Imam mengamini bahwa ketidakpastian ekonomi global akan berdampak pada keuangan syariah. Meski begitu, dengan kelebihan yang dimiliki instrumen keuangan syariah, ia berharap para pelaku usaha syariah dapat melakukan mitigasi risiko dengan baik dalam menghadapi ketidakpastian yang masih berlangsung.
Sebelumnya, Deputi Gubernur Senior BI Destry Damayanti juga mencatat bahwa instrumen keuangan syariah relatif lebih stabil dibandingkan instrumen konvensional.
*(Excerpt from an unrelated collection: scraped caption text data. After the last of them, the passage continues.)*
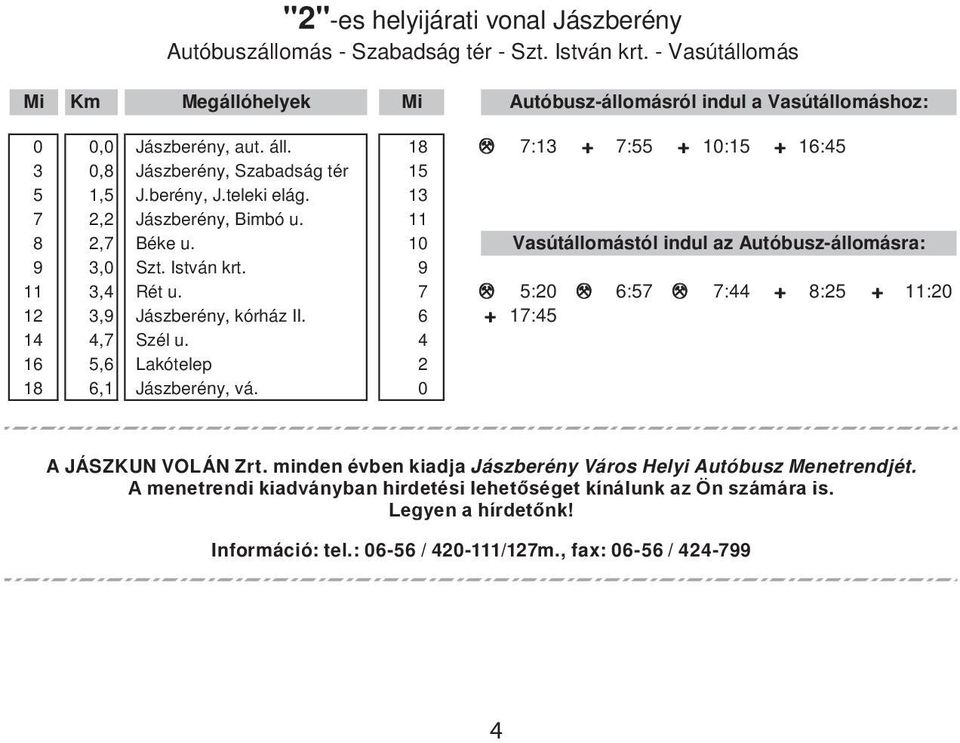 10 Vasútállomástól indul az Autóbusz-állomásra: 9 3,0 Szt. István krt. 9 11 3,4 Rét u. 7 p 5:20 p 6:57 p 7:44 + 8:25 + 11:20 12 3,9 Jászberény, kórház II. 6 + 17:45 14 4,7 Szél u.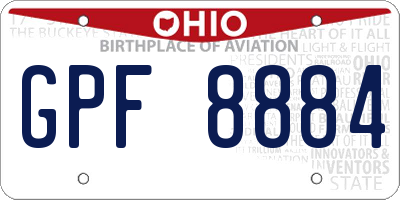 OH license plate GPF8884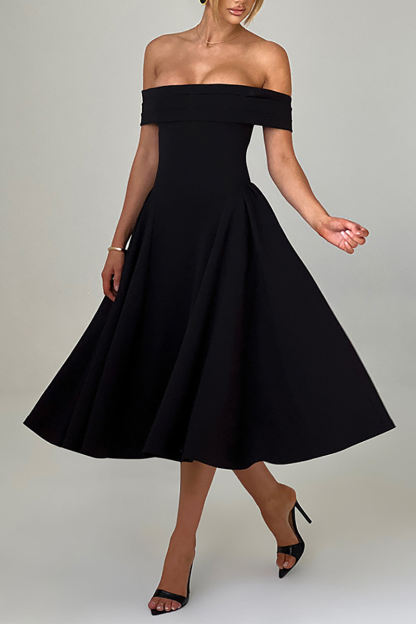 Boat Neck Draped Shoulder Cinch Waist Plain Gowns Midi Dresses-Black-Hayhty.All Rights Reserved.
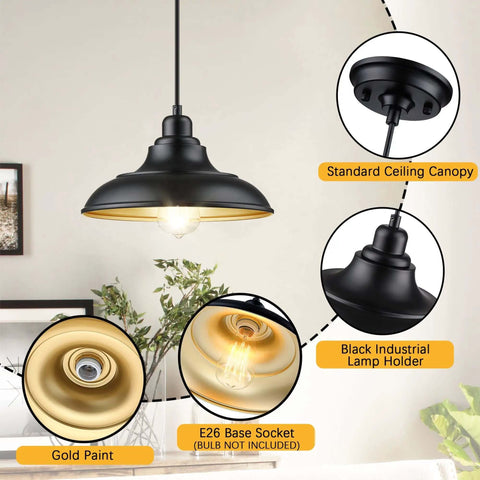 Industrial Black Pendant Lights 2 Pack With Adjustable Metal Hanging Lamps E26 Base Farmhouse Kitchen Island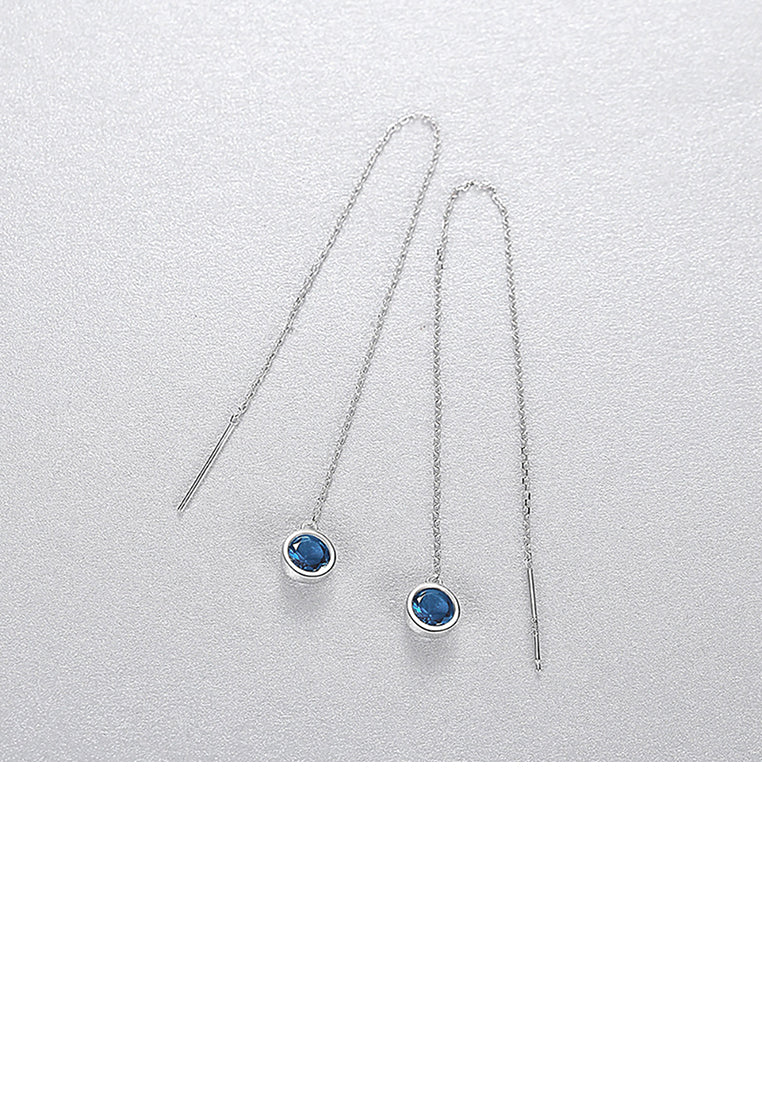 925 Sterling Silver Simple Temperament Geometric Round Tassel Earrings with Blue Cubic Zirconia - Luxurious Look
Ia menyoroti kondisi di Malaysia yang kini menghadapi keterbatasan underlying asset akibat ekspansi keuangan syariah yang sudah masif. Sementara itu, Filipina juga mulai agresif mengembangkan keuangan syariah.
Melihat perkembangan tersebut, Destry menekankan pentingnya Indonesia untuk berada di garis depan dalam pengembangan instrumen keuangan syariah sebab potensi domestik yang masih besar.
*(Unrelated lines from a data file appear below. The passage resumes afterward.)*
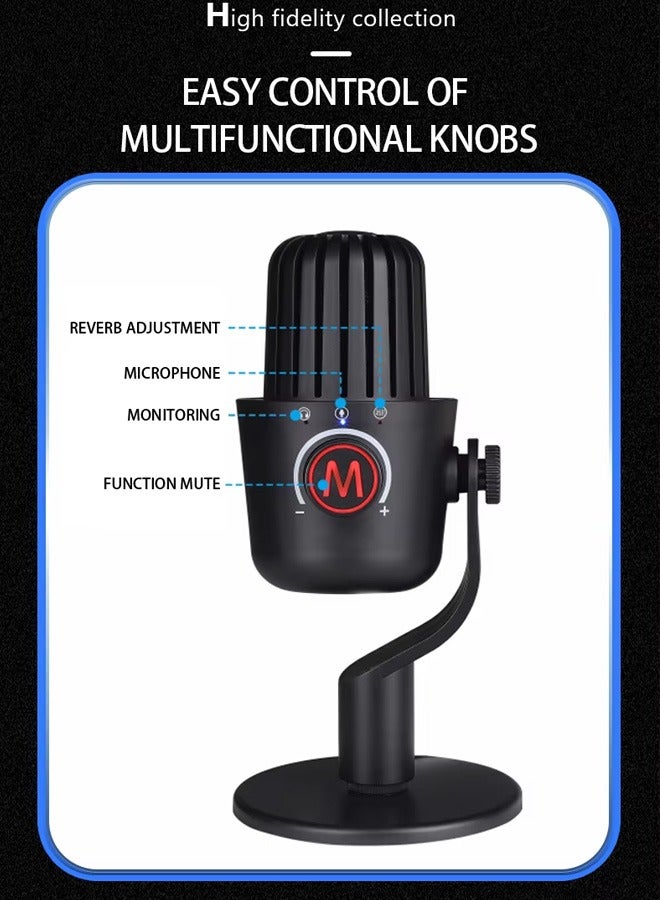oldlaiben - USB Microphone, Noise-canceling Microphone, USB Condenser Podcast Microphone With Bracket, For Computer, Cell Phone, Live Broadcast, K Song, Recording, Online Class Teaching - Image 1
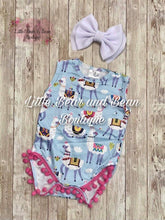 Load image into Gallery viewer, Light Blue Llama Romper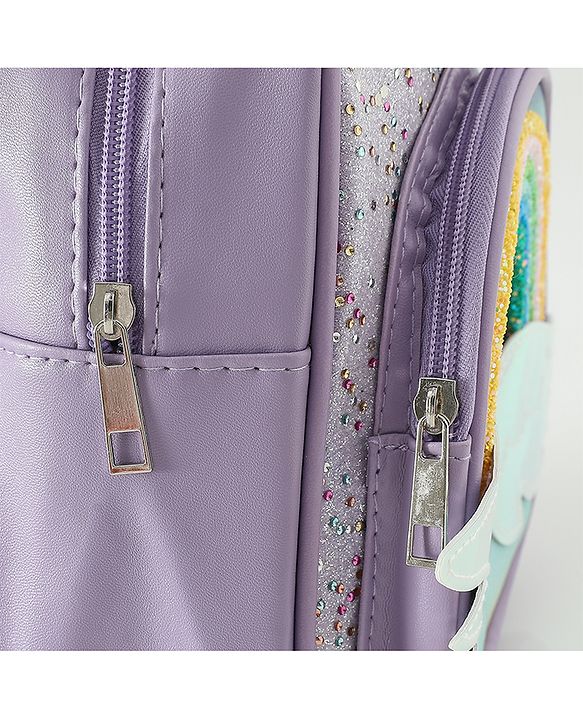 Babyhug Fashion Backpacks With Rainbow Applique - Pink
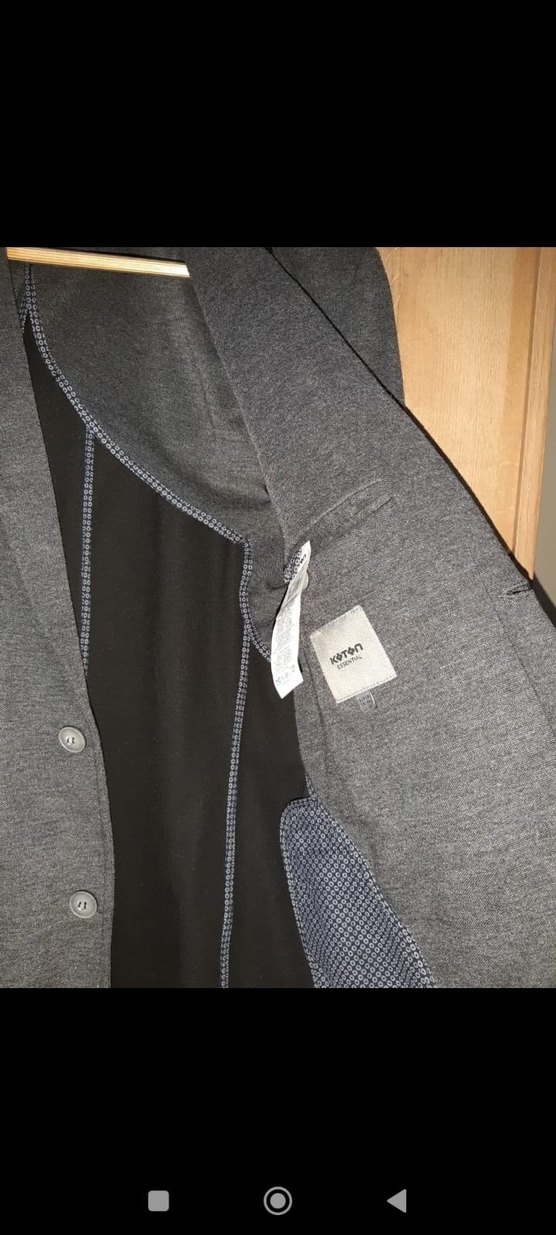 Düğmeli Gri Erkek Blazer Ceket - Görsel 2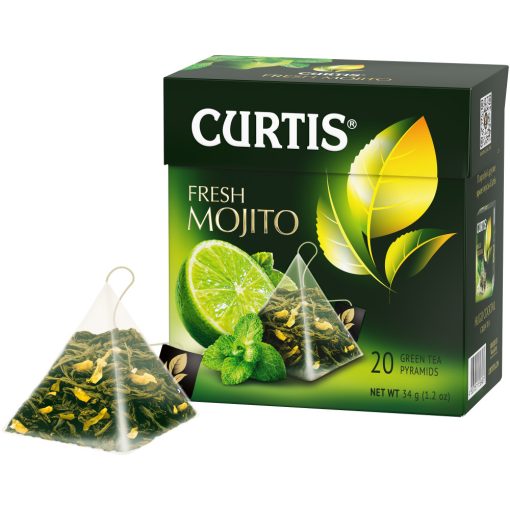 Curtis Friss Mojito, ízesített zöld tea piramis-filterben, 20x1,7gr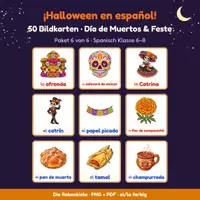 Vorschau - Bildkarten - Halloween Spanisch: 50 Bildkarten Día de Muertos - Deckblatt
“Indonesia baru mulai (mengembangkan instrumen keuangan syariah). Pemerintah sekarang cukup agresif mengeluarkan surat berharga yang bersifat syariah karena ada (kebutuhan) pembiayaan untuk ekonomi syariah, termasuk UMKM. (Pembiayaan UMKM ini) bisa di-bundle dan dijadikan salah satu underlying bagi instrumen keuangan syariah,” kata Destry dikutip Antara.
Mengutip Kajian Ekonomi dan Keuangan Syariah Indonesia (KEKSI) 2024, nilai outstanding sukuk tercatat dalam tren meningkat dari Rp29,83 triliun pada 2019 menjadi Rp55,26 triliun pada 2024, dengan jumlah sukuk outstanding yang bertambah dari 143 seri menjadi 247 seri.
Sementara akumulasi nilai penerbitan sukuk melonjak dari Rp48,24 triliun pada 2019 menjadi Rp121,16 triliun pada 2024, diiringi peningkatan jumlah penerbitan dari 232 seri menjadi 523 seri.
Bank sentral mencatat, tren positif ini mencerminkan daya tarik sukuk sebagai instrumen investasi syariah yang strategis, mendukung kebutuhan pendanaan jangka panjang perusahaan.
Adapun BI memiliki beragam instrumen keuangan syariah untuk mendukung operasi moneter seperti Sukuk Bank Indonesia (SukBI) dan Sukuk Valas Bank Indonesia (SUVBI) yang juga berada dalam tren perkembangan positif sejak pertama kali diterbitkan.
Berdasarkan data BI, outstanding SukBI per Maret 2025 tercatat Rp64,5 triliun, meningkat signifikan dari Rp1,8 triliun pada awal penerbitan Desember 2018. Sedangkan outstanding SUVBI per Maret 2025 tercatat 315 juta dolar AS, naik dari 129 juta dolar AS pada November 2023.